Per questo Gesù partecipava sempre alle feste, a quella delle nozze di Cana o nella casa di Betania, nella casa di Levi, di Zaccheo e di Simone il fariseo: sempre all’interno di uno spazio chiuso, come una casa o un cenacolo, perché festa significa intimità, condivisione personale di qualcosa che accomuna non in modo generico e indeterminato ma in modo fraterno e spiritualmente circoscritto, partecipazione fisica ed emotiva a un banchetto di cibi prelibati e vini raffinati che stimolino la parola e l’allegra conversazione tra gli invitati e che appaghino tanto la loro mente quanto il loro corpo e appunto i loro sensi.
La fede è sempre festiva, serena, fiduciosa, gioiosa, straordinaria, esultante, espansiva, partecipativa, anche se la gioia che esprime non è quella dell’esaltato, dell’allucinato o del fanatico ma quella di una persona combattiva ma equilibrata, determinata a testimoniare il vero ma non intollerante e ad operare per la giustizia ma senza violenza. La fede non è mai feriale, cioè scontata, ordinaria, banale, noiosa, perché essa veicola una costante aspettativa psico-fisica di novità, di inatteso, di appassionante. La fede non si riduce naturalmente a senso elettrizzato sulla base di bisogni e speranze che derivano dai processi corporeo-materiali di cui consta la vita degli esseri umani, ma una fede senza festa, senza legami con i sensi e con esigenze e stati d’animo che ne conseguano, senza intimo coinvolgimento emotivo, è necessariamente una fede senza molto amore e senza senso, pur essendo forse intellettualmente in possesso del senso ultimo della vita stessa.

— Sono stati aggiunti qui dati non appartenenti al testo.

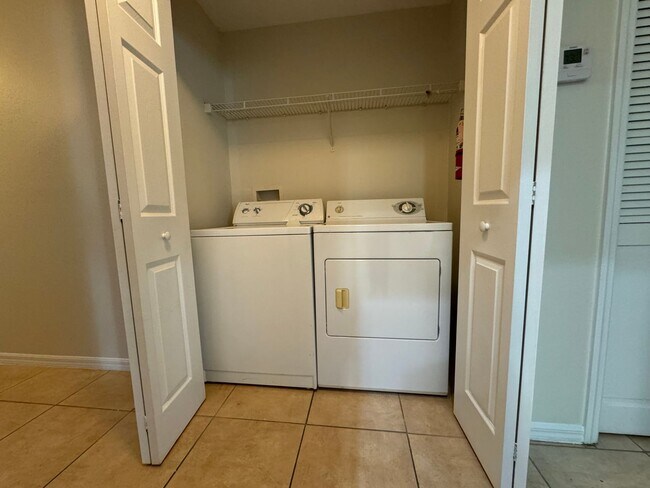 Building Photo - Hamptons in Metrowest  3 bedroom 2 Bath wi...
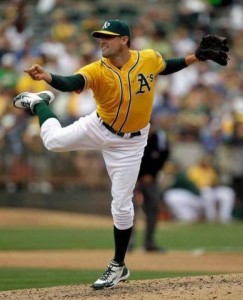 Minnesota Twins starting pitcher Brad Radke delivers a pitch in the first  inning of Game 3 in the American League Divisional Series baseball game  against the Oakland Athletics, Friday, Oct. 6, 2006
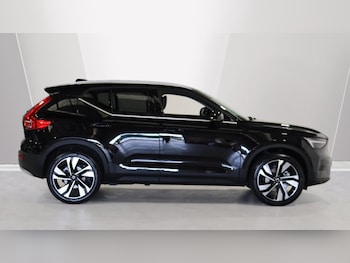 Used Volvo XC40 2025 for sale - 75990888: Photo 3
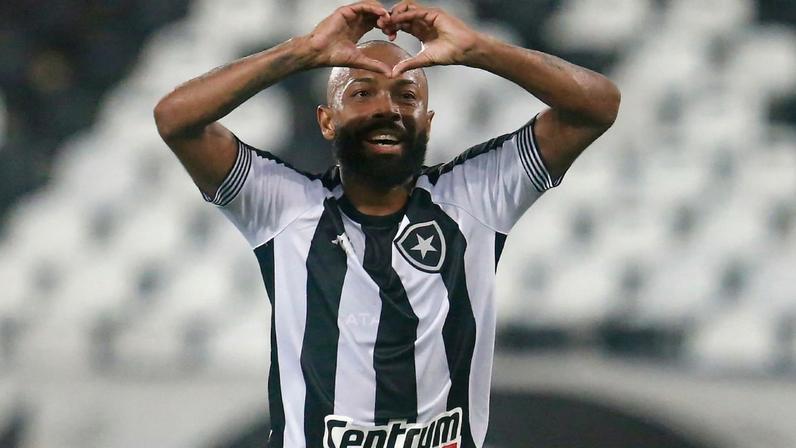 Chay comemora gol pelo Botafogo
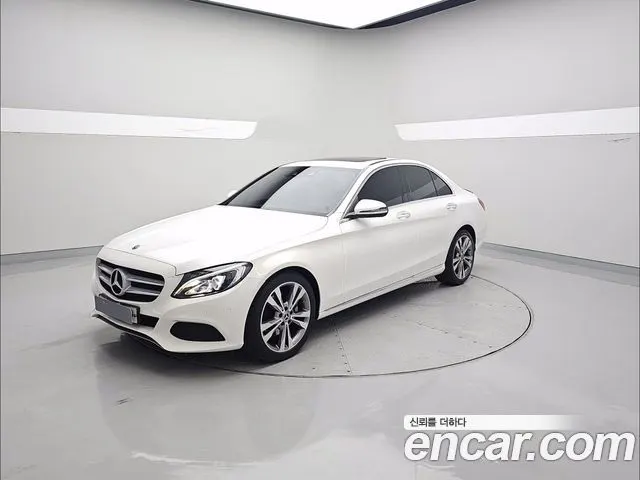 MERCEDES-BENZ C-CLASS W205 2018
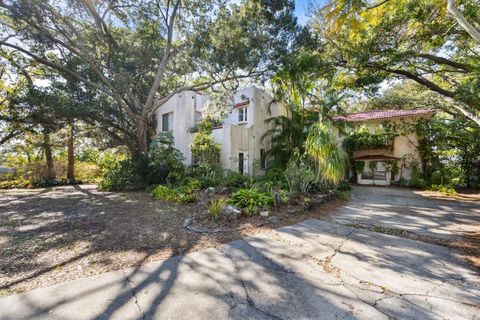 A home in SEMINOLE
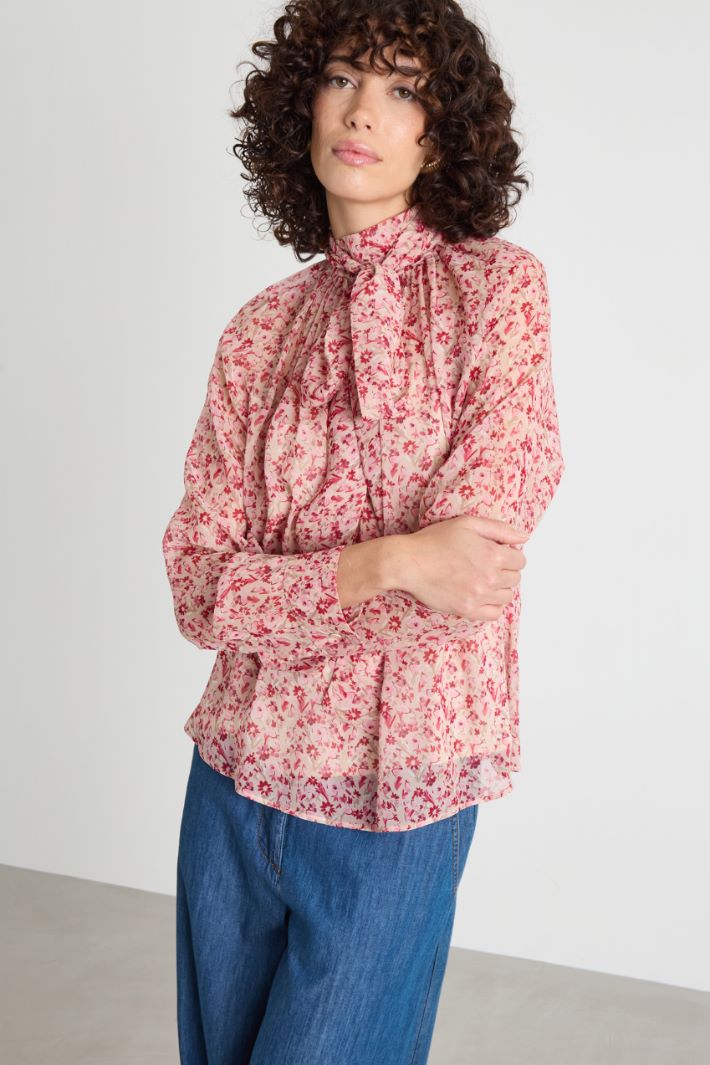 Blusa con collo a foulard Intrend - 2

Naturalmente tutto questo, cosí come si contrappone a forme di spiritualità e religiosità orgogliosamente chiuse a qualunque interferenza o contaminazione di una quotidianità realmente vissuta e sofferta, allo stesso modo non può avere nulla a che fare con una sorta di sensualismo religioso o di religiosità estetizzante in cui non ci sia più spazio per l’accettazione esistenziale della solitudine e del dolore e infine della morte in un mondo che sembra volerli relegare nell’ordine di cose semplicemente ingombranti orientandosi piuttosto a celebrare vitalisticamente le effimere gioie dell’apparire e del possedere.
Se solitudine, dolore e morte, non venissero sensibilmente sperimentati nei nostri sensi non già nel quadro di un qualunque credo filosofico o religioso ma in quanto necessari corollari della fede nella Risurrezione del Risorto e in quanto roccioso portato della speranza cristiana in una vita ultraterrena, non potremmo gioire anche se o quando soffriamo, né amare anche se o quando siamo trattati come scarti umani, né infine sorridere anche se o quando l’idea e la realtà della morte che si avvicina sembrino segnare il nostro conclusivo fallimento e la fine di ogni nostra ricerca di senso. La fede è festa, in ultima analisi, proprio perché è certezza raggiante di felicità eterna in mezzo alle iniquità, agli inganni e ai patimenti di questo mondo.